> [YOUR OBJECTIVE]: Everything from the first line of the records to the line containing "LUCKLIFE Floating Bed", inclusive, is to be extracted exactly, and nothing more.

--- START ---

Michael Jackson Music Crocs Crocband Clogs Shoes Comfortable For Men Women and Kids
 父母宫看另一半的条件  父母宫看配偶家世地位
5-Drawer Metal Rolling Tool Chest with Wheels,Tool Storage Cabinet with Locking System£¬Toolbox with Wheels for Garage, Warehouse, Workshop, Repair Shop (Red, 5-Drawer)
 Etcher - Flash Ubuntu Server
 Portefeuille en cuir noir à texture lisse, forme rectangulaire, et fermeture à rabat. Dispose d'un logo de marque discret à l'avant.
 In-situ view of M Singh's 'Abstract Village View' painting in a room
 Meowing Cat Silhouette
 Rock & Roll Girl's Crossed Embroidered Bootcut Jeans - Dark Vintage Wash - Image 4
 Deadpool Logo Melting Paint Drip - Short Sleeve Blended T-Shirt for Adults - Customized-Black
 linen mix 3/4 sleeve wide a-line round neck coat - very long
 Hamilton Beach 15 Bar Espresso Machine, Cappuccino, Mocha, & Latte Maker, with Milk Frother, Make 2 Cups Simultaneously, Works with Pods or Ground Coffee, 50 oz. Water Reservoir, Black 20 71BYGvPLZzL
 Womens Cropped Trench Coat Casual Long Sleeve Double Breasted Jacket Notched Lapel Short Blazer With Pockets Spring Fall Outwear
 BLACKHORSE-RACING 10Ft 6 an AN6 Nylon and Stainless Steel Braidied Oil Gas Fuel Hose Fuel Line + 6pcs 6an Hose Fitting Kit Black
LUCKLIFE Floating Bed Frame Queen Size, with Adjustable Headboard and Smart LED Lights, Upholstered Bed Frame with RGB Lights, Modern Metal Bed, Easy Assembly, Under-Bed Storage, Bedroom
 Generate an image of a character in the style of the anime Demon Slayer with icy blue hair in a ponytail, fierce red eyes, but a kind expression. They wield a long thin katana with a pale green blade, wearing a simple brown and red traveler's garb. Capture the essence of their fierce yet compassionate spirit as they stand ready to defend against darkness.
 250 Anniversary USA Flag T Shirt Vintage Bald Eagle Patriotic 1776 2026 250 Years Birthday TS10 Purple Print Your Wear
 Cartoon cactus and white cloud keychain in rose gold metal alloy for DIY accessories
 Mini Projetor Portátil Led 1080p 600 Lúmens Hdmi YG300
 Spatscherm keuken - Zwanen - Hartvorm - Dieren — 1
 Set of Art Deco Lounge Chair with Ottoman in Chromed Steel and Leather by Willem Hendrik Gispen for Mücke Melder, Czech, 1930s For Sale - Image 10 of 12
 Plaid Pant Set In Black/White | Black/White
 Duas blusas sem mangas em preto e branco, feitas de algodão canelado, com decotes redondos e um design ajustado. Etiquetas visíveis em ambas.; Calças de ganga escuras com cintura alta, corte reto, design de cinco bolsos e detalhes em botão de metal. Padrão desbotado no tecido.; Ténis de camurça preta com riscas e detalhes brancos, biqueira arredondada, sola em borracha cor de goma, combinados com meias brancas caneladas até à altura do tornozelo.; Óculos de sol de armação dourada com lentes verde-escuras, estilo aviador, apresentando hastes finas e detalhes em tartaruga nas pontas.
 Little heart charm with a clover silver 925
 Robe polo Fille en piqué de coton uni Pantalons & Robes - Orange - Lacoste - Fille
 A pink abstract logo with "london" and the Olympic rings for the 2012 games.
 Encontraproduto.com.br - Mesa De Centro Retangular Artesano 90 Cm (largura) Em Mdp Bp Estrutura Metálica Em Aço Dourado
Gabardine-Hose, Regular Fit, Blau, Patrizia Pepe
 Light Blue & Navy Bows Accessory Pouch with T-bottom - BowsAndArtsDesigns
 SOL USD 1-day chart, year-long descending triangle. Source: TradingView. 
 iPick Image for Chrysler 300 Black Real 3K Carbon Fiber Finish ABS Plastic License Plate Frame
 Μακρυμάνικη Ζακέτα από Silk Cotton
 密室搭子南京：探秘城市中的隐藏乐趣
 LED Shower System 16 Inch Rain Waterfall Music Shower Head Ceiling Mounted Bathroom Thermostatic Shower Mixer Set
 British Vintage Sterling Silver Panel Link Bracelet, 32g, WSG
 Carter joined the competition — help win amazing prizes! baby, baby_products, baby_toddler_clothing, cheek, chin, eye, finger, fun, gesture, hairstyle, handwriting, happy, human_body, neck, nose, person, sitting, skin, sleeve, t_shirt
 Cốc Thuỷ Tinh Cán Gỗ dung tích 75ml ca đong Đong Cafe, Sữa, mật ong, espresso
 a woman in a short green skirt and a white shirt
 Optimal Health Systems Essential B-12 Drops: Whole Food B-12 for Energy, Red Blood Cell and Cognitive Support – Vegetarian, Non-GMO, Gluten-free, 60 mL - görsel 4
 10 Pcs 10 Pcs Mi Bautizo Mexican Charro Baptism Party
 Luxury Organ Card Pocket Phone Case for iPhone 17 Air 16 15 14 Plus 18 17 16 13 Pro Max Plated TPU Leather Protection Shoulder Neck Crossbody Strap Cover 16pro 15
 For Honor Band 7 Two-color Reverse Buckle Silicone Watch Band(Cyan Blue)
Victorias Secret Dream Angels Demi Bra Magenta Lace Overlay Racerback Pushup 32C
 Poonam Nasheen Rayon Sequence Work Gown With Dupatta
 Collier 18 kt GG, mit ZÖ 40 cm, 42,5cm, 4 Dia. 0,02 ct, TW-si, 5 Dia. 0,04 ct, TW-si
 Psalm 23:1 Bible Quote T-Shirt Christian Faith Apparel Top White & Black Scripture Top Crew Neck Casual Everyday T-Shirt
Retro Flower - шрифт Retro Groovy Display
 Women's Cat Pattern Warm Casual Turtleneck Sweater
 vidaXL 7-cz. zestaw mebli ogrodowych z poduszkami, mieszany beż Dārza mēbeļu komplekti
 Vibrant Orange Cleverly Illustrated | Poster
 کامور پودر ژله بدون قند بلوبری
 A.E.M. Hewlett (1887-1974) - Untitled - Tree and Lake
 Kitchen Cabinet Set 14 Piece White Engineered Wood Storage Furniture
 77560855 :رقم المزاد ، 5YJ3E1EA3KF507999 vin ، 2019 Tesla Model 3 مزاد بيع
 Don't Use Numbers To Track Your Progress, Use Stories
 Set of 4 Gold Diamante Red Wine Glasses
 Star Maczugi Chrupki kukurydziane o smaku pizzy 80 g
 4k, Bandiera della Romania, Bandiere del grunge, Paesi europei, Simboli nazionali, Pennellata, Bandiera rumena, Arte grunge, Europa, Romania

--- END ---

> [RESULT OF THE EXERCISE]:
Michael Jackson Music Crocs Crocband Clogs Shoes Comfortable For Men Women and Kids
 父母宫看另一半的条件  父母宫看配偶家世地位
5-Drawer Metal Rolling Tool Chest with Wheels,Tool Storage Cabinet with Locking System£¬Toolbox with Wheels for Garage, Warehouse, Workshop, Repair Shop (Red, 5-Drawer)
 Etcher - Flash Ubuntu Server
 Portefeuille en cuir noir à texture lisse, forme rectangulaire, et fermeture à rabat. Dispose d'un logo de marque discret à l'avant.
 In-situ view of M Singh's 'Abstract Village View' painting in a room
 Meowing Cat Silhouette
 Rock & Roll Girl's Crossed Embroidered Bootcut Jeans - Dark Vintage Wash - Image 4
 Deadpool Logo Melting Paint Drip - Short Sleeve Blended T-Shirt for Adults - Customized-Black
 linen mix 3/4 sleeve wide a-line round neck coat - very long
 Hamilton Beach 15 Bar Espresso Machine, Cappuccino, Mocha, & Latte Maker, with Milk Frother, Make 2 Cups Simultaneously, Works with Pods or Ground Coffee, 50 oz. Water Reservoir, Black 20 71BYGvPLZzL
 Womens Cropped Trench Coat Casual Long Sleeve Double Breasted Jacket Notched Lapel Short Blazer With Pockets Spring Fall Outwear
 BLACKHORSE-RACING 10Ft 6 an AN6 Nylon and Stainless Steel Braidied Oil Gas Fuel Hose Fuel Line + 6pcs 6an Hose Fitting Kit Black
LUCKLIFE Floating Bed Frame Queen Size, with Adjustable Headboard and Smart LED Lights, Upholstered Bed Frame with RGB Lights, Modern Metal Bed, Easy Assembly, Under-Bed Storage, Bedroom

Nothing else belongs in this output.